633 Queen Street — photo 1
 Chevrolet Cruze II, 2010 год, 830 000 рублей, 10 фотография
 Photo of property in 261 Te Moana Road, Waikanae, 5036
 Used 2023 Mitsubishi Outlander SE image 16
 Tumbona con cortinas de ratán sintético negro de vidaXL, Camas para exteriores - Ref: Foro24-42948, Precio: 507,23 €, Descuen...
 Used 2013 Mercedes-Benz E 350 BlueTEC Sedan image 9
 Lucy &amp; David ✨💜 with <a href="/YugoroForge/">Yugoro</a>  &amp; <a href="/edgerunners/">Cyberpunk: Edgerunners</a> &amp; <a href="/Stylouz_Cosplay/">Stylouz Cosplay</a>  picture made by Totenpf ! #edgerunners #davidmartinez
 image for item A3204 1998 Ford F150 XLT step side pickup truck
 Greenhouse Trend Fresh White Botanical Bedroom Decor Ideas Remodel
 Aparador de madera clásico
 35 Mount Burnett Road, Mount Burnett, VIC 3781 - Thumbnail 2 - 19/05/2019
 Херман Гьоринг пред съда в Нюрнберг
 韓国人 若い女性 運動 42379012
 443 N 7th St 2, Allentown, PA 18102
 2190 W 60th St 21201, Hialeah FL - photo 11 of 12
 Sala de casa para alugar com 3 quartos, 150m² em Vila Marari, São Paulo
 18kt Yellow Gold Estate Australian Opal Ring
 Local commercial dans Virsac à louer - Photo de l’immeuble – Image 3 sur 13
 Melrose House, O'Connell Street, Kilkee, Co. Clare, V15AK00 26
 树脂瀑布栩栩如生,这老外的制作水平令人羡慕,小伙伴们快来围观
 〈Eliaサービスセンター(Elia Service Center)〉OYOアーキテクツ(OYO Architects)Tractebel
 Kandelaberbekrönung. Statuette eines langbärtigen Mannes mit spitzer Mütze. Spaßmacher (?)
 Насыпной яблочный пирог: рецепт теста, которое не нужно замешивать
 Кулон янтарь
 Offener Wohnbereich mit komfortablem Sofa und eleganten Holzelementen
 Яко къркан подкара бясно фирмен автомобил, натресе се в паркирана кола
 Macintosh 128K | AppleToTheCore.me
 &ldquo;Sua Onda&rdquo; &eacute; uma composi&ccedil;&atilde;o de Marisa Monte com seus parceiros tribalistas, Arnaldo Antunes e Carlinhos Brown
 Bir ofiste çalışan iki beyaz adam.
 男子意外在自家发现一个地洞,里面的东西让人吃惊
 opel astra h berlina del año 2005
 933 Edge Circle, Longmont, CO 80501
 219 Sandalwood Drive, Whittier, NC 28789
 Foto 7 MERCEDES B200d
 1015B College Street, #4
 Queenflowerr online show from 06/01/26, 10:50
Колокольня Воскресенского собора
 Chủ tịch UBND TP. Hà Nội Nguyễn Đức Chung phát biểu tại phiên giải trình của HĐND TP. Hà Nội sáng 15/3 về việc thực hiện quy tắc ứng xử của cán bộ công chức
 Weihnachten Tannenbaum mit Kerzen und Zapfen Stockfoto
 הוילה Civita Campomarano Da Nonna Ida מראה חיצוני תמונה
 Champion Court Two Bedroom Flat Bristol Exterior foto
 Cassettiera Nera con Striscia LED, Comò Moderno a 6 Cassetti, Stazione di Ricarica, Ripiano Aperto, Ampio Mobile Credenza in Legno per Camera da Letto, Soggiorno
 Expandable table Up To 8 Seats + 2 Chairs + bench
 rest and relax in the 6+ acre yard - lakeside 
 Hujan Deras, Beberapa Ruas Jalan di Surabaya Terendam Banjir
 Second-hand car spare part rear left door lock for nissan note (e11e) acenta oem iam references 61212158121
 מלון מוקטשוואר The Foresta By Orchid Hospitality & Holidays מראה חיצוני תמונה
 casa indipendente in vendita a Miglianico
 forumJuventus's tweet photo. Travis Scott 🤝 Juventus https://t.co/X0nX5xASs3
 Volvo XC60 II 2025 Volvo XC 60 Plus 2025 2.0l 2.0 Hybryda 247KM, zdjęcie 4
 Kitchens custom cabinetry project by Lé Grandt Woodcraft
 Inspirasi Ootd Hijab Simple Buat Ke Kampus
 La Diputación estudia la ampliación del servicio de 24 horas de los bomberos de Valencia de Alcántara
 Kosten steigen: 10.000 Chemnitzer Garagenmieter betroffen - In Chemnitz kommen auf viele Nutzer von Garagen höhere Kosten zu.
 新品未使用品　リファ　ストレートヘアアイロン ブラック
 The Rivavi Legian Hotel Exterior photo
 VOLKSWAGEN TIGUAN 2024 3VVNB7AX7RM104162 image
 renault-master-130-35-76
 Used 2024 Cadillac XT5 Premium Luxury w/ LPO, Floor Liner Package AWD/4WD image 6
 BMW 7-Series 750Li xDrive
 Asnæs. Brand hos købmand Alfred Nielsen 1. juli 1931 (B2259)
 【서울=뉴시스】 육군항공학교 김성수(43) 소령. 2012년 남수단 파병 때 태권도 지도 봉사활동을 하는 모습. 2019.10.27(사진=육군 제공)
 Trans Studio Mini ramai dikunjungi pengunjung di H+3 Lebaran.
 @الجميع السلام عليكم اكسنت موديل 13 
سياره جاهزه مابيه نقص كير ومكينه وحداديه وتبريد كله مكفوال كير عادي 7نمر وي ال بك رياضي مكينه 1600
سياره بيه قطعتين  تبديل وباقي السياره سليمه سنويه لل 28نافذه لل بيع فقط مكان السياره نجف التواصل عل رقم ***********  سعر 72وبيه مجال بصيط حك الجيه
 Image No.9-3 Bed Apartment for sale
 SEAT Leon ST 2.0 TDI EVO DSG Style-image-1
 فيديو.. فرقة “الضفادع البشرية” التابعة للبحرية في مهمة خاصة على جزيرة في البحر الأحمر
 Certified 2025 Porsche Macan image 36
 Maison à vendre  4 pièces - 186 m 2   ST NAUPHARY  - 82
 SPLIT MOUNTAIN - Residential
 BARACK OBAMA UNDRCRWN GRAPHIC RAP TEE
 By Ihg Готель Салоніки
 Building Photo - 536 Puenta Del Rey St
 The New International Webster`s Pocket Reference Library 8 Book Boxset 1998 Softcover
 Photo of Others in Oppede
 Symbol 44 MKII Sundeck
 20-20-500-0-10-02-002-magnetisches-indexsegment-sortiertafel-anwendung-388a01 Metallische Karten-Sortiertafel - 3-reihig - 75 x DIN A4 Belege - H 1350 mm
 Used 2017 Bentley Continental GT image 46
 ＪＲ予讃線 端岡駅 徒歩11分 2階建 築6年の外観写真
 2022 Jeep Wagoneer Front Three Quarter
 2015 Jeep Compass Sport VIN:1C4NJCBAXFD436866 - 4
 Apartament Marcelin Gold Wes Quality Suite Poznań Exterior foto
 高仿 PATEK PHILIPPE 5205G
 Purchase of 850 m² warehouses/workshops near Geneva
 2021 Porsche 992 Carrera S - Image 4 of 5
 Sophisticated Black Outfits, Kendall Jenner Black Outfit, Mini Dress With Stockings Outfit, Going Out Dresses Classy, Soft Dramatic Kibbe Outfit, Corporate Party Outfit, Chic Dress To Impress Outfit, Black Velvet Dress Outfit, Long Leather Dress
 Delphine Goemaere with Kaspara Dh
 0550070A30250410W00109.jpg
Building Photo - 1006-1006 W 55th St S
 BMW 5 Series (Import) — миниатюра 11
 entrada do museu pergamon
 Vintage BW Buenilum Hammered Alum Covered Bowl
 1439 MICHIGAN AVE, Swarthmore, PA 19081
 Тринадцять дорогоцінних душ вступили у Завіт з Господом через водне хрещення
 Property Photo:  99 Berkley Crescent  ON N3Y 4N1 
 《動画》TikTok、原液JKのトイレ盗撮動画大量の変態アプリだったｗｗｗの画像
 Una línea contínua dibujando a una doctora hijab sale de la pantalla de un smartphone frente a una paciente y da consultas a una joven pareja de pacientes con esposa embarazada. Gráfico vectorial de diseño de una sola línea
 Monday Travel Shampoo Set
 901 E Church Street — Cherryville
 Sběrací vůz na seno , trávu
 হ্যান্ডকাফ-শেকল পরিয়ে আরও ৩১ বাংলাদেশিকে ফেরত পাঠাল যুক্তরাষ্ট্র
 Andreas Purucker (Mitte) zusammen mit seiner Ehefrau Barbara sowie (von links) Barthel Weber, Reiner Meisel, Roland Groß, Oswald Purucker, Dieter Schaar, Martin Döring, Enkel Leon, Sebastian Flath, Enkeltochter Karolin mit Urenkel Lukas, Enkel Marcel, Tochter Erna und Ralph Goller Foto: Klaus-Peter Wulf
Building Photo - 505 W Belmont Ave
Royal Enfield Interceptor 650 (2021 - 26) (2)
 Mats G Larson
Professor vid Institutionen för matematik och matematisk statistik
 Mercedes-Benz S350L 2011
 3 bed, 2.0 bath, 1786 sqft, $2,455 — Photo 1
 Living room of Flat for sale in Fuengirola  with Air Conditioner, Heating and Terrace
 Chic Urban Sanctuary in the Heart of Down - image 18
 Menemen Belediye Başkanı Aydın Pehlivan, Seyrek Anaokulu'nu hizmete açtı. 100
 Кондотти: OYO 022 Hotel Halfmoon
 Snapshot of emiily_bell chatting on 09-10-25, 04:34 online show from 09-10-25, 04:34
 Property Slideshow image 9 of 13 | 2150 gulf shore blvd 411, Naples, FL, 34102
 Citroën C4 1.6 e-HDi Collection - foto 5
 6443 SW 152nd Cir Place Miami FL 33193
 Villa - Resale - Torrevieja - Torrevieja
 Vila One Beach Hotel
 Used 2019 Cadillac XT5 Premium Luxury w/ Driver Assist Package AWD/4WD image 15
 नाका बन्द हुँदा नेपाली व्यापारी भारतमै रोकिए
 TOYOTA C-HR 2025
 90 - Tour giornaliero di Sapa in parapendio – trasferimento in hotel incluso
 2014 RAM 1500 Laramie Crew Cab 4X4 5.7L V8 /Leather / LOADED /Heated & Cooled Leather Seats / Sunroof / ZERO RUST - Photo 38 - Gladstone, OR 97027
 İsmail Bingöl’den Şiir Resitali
——
- YOUR ASSIGNMENT: Send back exactly the lines of the listing above starting at the one with "Photo of Others in Oppede" and ending at the one with "হ্যান্ডকাফ-শেকল পরিয়ে আরও", inclusive, and no others.

- RESPONSE AREA:
 Photo of Others in Oppede
 Symbol 44 MKII Sundeck
 20-20-500-0-10-02-002-magnetisches-indexsegment-sortiertafel-anwendung-388a01 Metallische Karten-Sortiertafel - 3-reihig - 75 x DIN A4 Belege - H 1350 mm
 Used 2017 Bentley Continental GT image 46
 ＪＲ予讃線 端岡駅 徒歩11分 2階建 築6年の外観写真
 2022 Jeep Wagoneer Front Three Quarter
 2015 Jeep Compass Sport VIN:1C4NJCBAXFD436866 - 4
 Apartament Marcelin Gold Wes Quality Suite Poznań Exterior foto
 高仿 PATEK PHILIPPE 5205G
 Purchase of 850 m² warehouses/workshops near Geneva
 2021 Porsche 992 Carrera S - Image 4 of 5
 Sophisticated Black Outfits, Kendall Jenner Black Outfit, Mini Dress With Stockings Outfit, Going Out Dresses Classy, Soft Dramatic Kibbe Outfit, Corporate Party Outfit, Chic Dress To Impress Outfit, Black Velvet Dress Outfit, Long Leather Dress
 Delphine Goemaere with Kaspara Dh
 0550070A30250410W00109.jpg
Building Photo - 1006-1006 W 55th St S
 BMW 5 Series (Import) — миниатюра 11
 entrada do museu pergamon
 Vintage BW Buenilum Hammered Alum Covered Bowl
 1439 MICHIGAN AVE, Swarthmore, PA 19081
 Тринадцять дорогоцінних душ вступили у Завіт з Господом через водне хрещення
 Property Photo:  99 Berkley Crescent  ON N3Y 4N1 
 《動画》TikTok、原液JKのトイレ盗撮動画大量の変態アプリだったｗｗｗの画像
 Una línea contínua dibujando a una doctora hijab sale de la pantalla de un smartphone frente a una paciente y da consultas a una joven pareja de pacientes con esposa embarazada. Gráfico vectorial de diseño de una sola línea
 Monday Travel Shampoo Set
 901 E Church Street — Cherryville
 Sběrací vůz na seno , trávu
 হ্যান্ডকাফ-শেকল পরিয়ে আরও ৩১ বাংলাদেশিকে ফেরত পাঠাল যুক্তরাষ্ট্র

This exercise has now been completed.